Database: LevelDB (from the previous part)

Refer to code here

Code

1. Importing Required Modules

import subprocess
import time
import threading
import uuid

• Imports: We import necessary libraries such as subprocess to execute IPFS commands, threading to handle concurrent tasks, and uuid to generate unique identifiers for each node.
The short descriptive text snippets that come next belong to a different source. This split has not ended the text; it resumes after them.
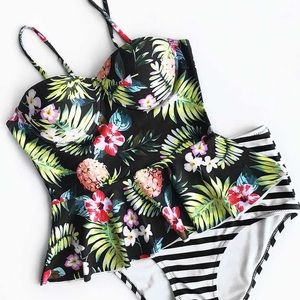 CUPSHE Time Slips Away Floral Bikini Set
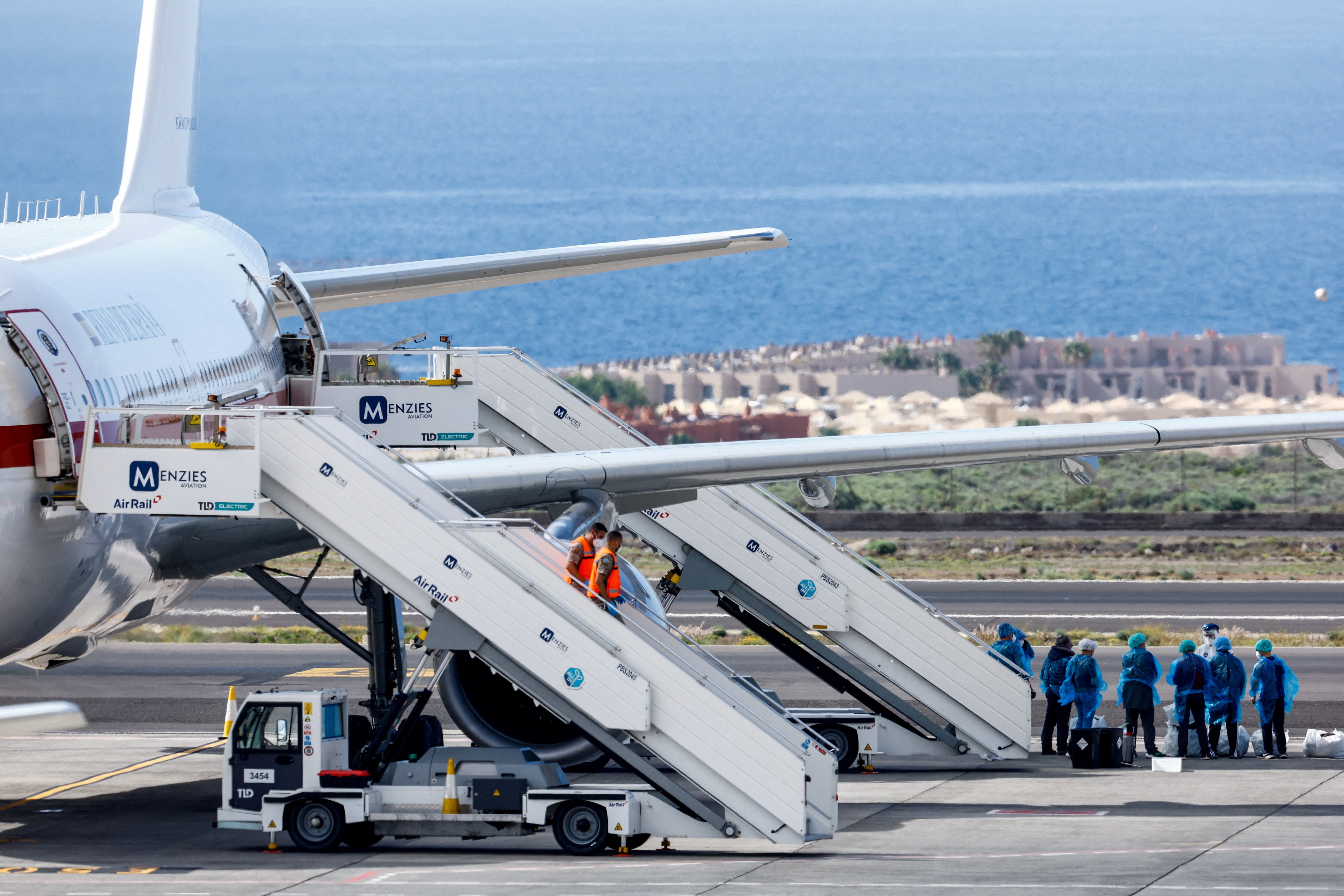 Hantavírus: repatriação de passageiros do navio cruzeiro vai até segunda
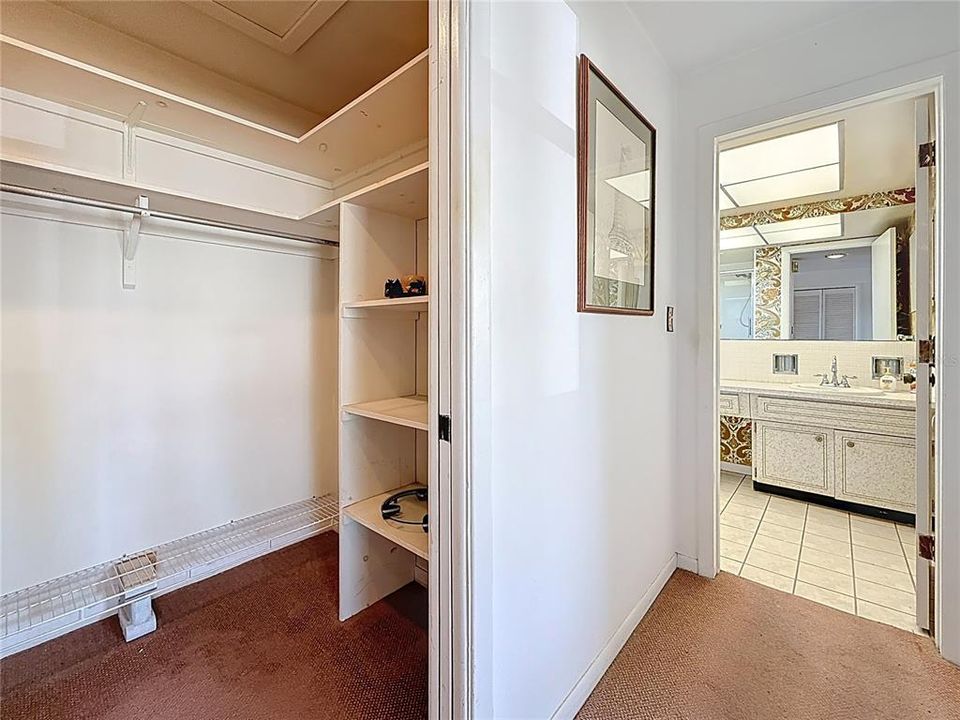 En Venta: $569,000 (3 camas, 2 baños, 2400 Pies cuadrados)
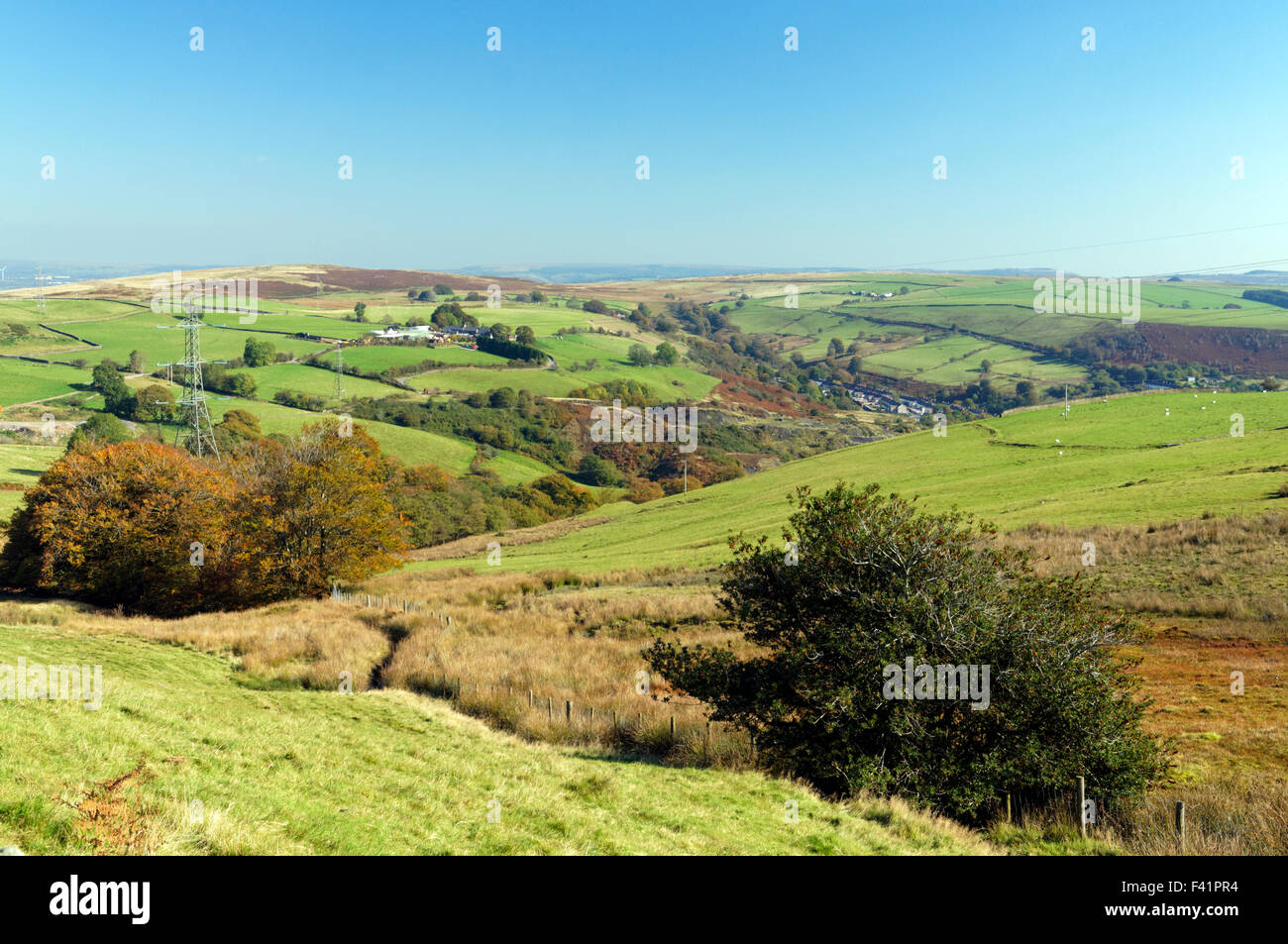 Vue de la vallée de l'Aber du Sengenydd Sentier de la digue près de Caerphilly, South Wales Valleys, UK. Banque D'Images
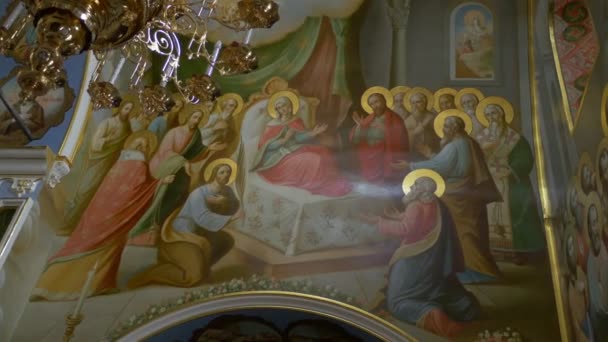 Freska z Mary Uspenské Kyjevsko-Pechersk Lavra muži s halos nesoucí Mary leží na posteli andělé s meči jsou na stropní Uspenské katedrále — Stock video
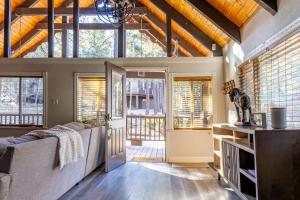 Rustic Log Cabin in Munds Park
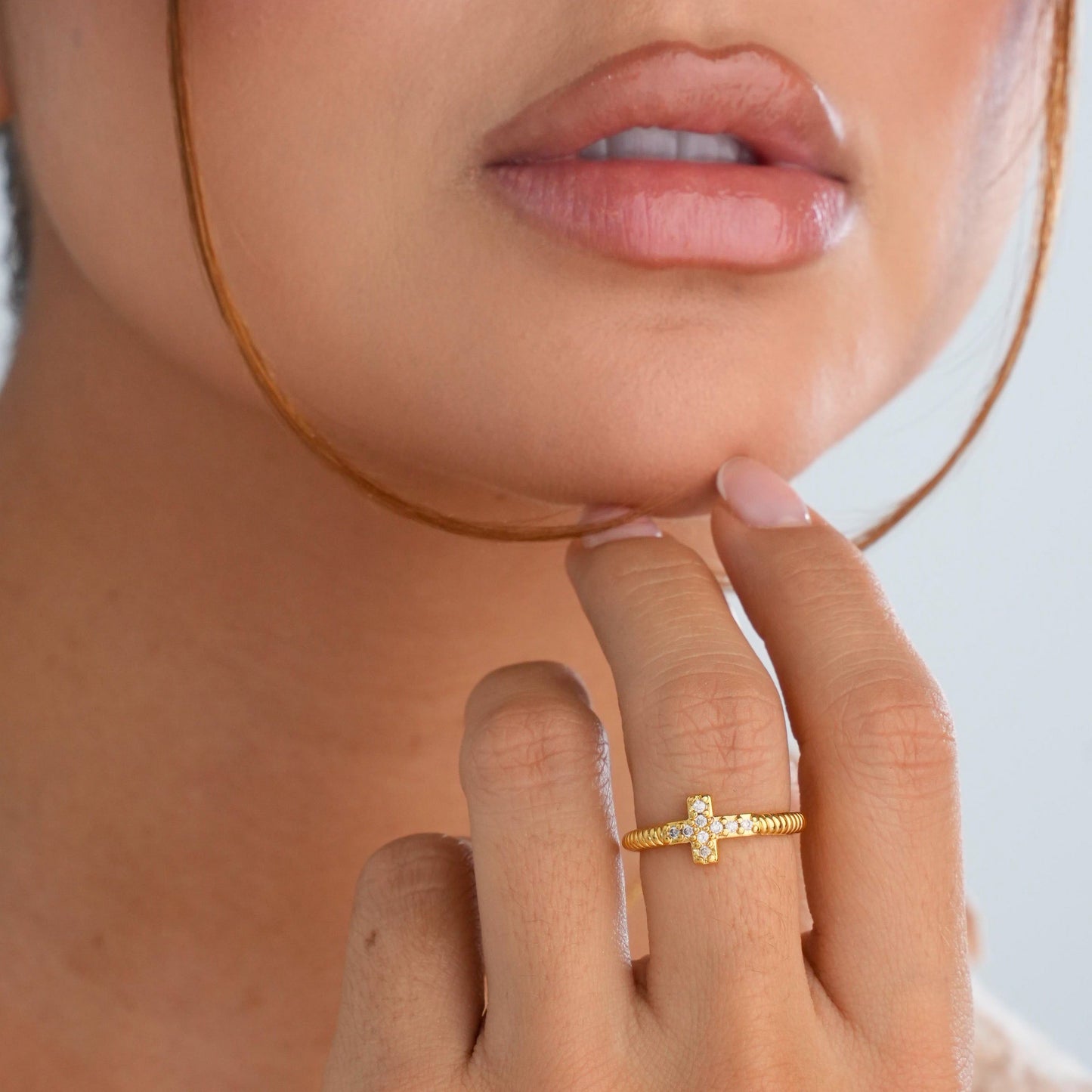 Anillo Cruz con Circones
2. Initializing IPFS class

class IPFSClient:
    def __init__(self, topic):
        self.topic = topic
        self.id = str(uuid.uuid4())  # Unique identifier for each instance

• Class Initialization: The IPFSClient class manages the P2P communication. Each instance is identified by a unique UUID, which is useful for distinguishing between different nodes in the network.

3. Subscribe function

def subscribe(self):
    # Use subprocess to run the IPFS CLI command to subscribe to the topic
    process = subprocess.Popen(
        ["ipfs", "pubsub", "sub", self.topic],
        stdout=subprocess.PIPE,
        stderr=subprocess.PIPE,
        text=True
    )
    print(f"Subscribed to topic: {self.topic}")
    
    # Continuously listen to messages from the topic
    while True:
        print("Waiting for message")
        time.sleep(5)
        output = process.stdout.readline()
        if output:
            print(f"Received message: {output}")

Subscribe Function:

• Topic Subscription: This function subscribes to a specified IPFS topic using the ipfs pubsub sub command.
• Listening for Messages: It continuously listens for incoming messages on the topic and prints any received messages to the console.
• Sleep Interval: Similar to publishing, a sleep interval is used to prevent high CPU usage.

4. Publish function

def publish(self, message):
    while True:
        # Create a message with the unique ID
        # message = f"Message from {self.id}: Hello from IPFS!"
        message = message

        # Use subprocess to run the IPFS CLI command to publish the message
        process = subprocess.run(
            ["ipfs", "pubsub", "pub", self.topic, message],
            capture_output=True,
            text=True
        )
        
        if process.returncode == 0:
            print(f"Published message: {message}")
        else:
            print(f"Failed to publish message: {message}, Error: {process.stderr}")
        
        # Sleep before the next publish
        time.sleep(5)

Publish Function:

• Message Publishing: This function continuously publishes messages to a specified IPFS topic. The message is sent using the IPFS CLI command ipfs pubsub pub.
• Error Handling: If the message fails to publish, the error is captured and printed.
• Sleep Interval: A sleep interval of 5 seconds is used to control the frequency of message publishing.

5.Main “run” function

def run(self):
    try:
        # Start both publishing and subscribing in parallel using threads
        publish_thread = threading.Thread(target=self.publish)
        subscribe_thread = threading.Thread(target=self.subscribe)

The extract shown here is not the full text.